Yep. There it is. 4.3 GHz on air. Mighty impressive, considering Intel’s 65nm Conroe architecture struggled to make it past 4 GHz. These are some of the first 45nm chips out of the gate, and getting beyond 4.0 GHz is actually pretty easy with these chips. We’ve been stuck in the ~3.0 GHz range for so long, that seeing a system boot up with 4.0 GHz+ clock rates is quite exciting. This particular chip maxed out at 4301 MHz at its absolute peak, although it was not 100% stable throughout all of our tests. The highest stable overclock we were able to achieve, which could pass all of our benchmarks and stress tests was 4250 MHZ (4.25 GHz), which frankly, is still pretty impressive. In order to reach this clock speed, we had to bump up the core voltage up to 1.4V. We’ve included a whole set of benchmarks in the following pages of the E8500 running at this clock rate.

Power consumption is the other interesting variable which we were curious about. We tested using our standard methods of a hardware watt meter, with power loads tested with idle and full CPU load scenarios. Platforms remained identical, with the same components used across the board, with exception of the motherboard for Phenom comparison testing. Full CPU loads are tested while running the Cinebench R10 multi-core rendering test, which places 100% load on the CPU. C1E/Speedstep/power management was disabled for idle load scenarios, in order to eliminate this variable from the mix.

Our power consumption numbers show solid improvements for Intel’s new 45nm manufacturing process.  At idle, the new 45nm Wolfdale 3.0 GHz dual-core consumes 152 watts, compared to 177 watts of a 65nm Conroe 3.0 GHz dual-core, a difference of 25 watts. That extends to 30 watts under full load.   The E8500 chip consumes less power than most of the modern dual and quad-core processors in its price range.

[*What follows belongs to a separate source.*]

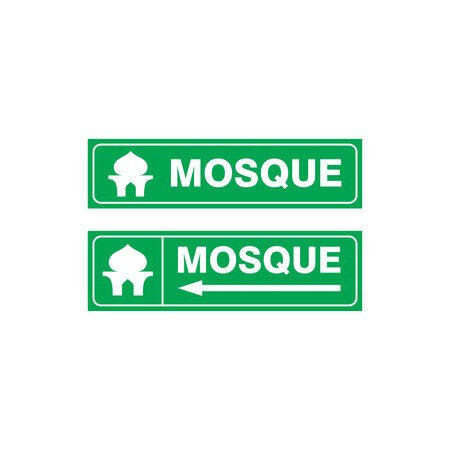 green mosque sign vector, simple mosque symbol designのイラスト素材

Even when it’s pushing 4.2 GHz+, the chip still consumes about the same amount of power as a stock-clocked Q6600 chip, which is surprisingly tolerable given the clock speeds we’re dealing with here.

Testbed and Synthetics

Test System Details
Specifications and Revisions

  • Intel Core 2 Duo E8500 (3.16 GHz Dual-Core, 45nm)
  • Intel Core 2 Duo E8400 (3.0 GHz Dual-Core, 45nm)
  • Intel Core 2 Duo E8650 (3.0 GHz Dual-Core, 65nm)
  • Intel Core 2 Quad Q6600 (2.4 GHz Quad-Core, 65nm)
  • Intel Core 2 Exteme QX6750 (3.0 GHz Quad-Core, 65nm)
  • AMD Phenom 9600 Black Edition (2.3 GHz Quad-Core, 65nm) (TLB Patch ENABLED)
  • AMD Phenom 9500 (2.2 GHz Quad-Core, 65nm) (TLB Patch ENABLED)
  • eVGA Nvidia nForce 680i LT SLI Motherboard (For Intel Testing)
  • MSI K9A2 Platinum AMD 790FX Motherboard (For AMD Testing)
  • Kingston HyperX DDR2-800 Memory (4 x 1 GB, CAS 4-4-4-12)
  • Nvidia GeForce 8800 GT 512 MB (169.74 Driver)
  • Western Digital Raptor 74 GB Hard Drive)
  • Plextor PX-755SA DVD+/-RW Drive
  • Corsair HX620W 620W Power Supply
  • Microsoft Windows Vista Ultimate Edition (32-bit, SP1)

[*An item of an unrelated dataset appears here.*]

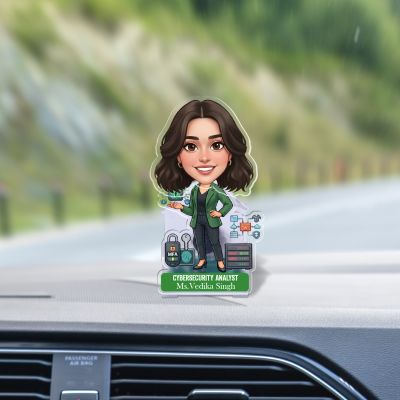 Cybersecurity Analyst Bobblehead Caricature with Battery Powered Moving Head Tabletop Décor for IT Professionals & Hackers Gift for Tech Graduation & Cyber Security Experts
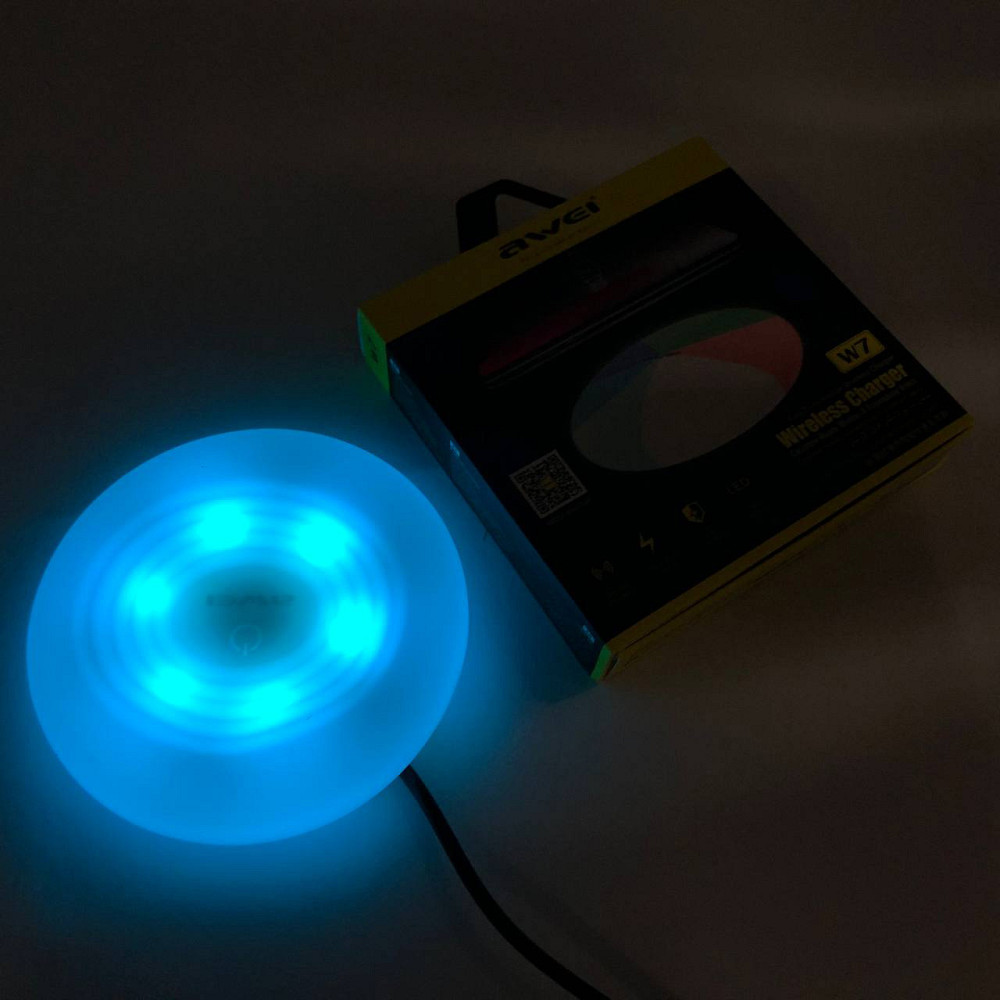 Бездротова зарядка з підсвічуванням 7 кольорів 10W 7 COLOR Awei W7 + WIRELESS CHARGE XD-91 Львів - фото 9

Synthetic CPU and Memory Benchmarks
SiSoft Sandra 2008 SP1

Our first round of synthetic benchmarks performed largely as expected.  The new “Wolfdale” dual-core chips outperform Intel’s prior generation of dual-cores in synthetic CPU tests, no doubt thanks to the additional cache which these new chips have.   Intel’s quad-core chips showcase better raw CPU performance, but that’s to be expected given they have double the amount of cores.   When overclocked, the Core 2 Duo E8500 puts up some staggeringly good numbers in comparison to Intel’s own quad-cores.

3DMark and Cinebench

Futuremark 3DMark06
Default Benchmark

Cinebench R10

Multi-Core CPU Rendering Test

These more specific synthetic tests showcase the Core 2 Duo E8500’s strengths and weaknesses.   In a gaming environment, like 3DMark06 demonstrates, quad-cores don’t have a huge advantage as most titles don’t take advantage of all their additional processing power.  In this case, the highly clocked, cache heavy “Wolfdale” dual-cores show excellent performance.  When overclocked to 4.2 GHz, our E8500 dual-core actually beats a 3.0 GHz Core 2 Extreme quad-core.

In a rendering environment, like Cinebench showcases, a quad-core will likely deliver better performance.  While the E8500 showcases better performance compared to prior generation dual-cores, it simply can’t match a quad-core in this arena.   It’s close when the E8500 is overclocked, but a highly clocked quad-core will still deliver better performance.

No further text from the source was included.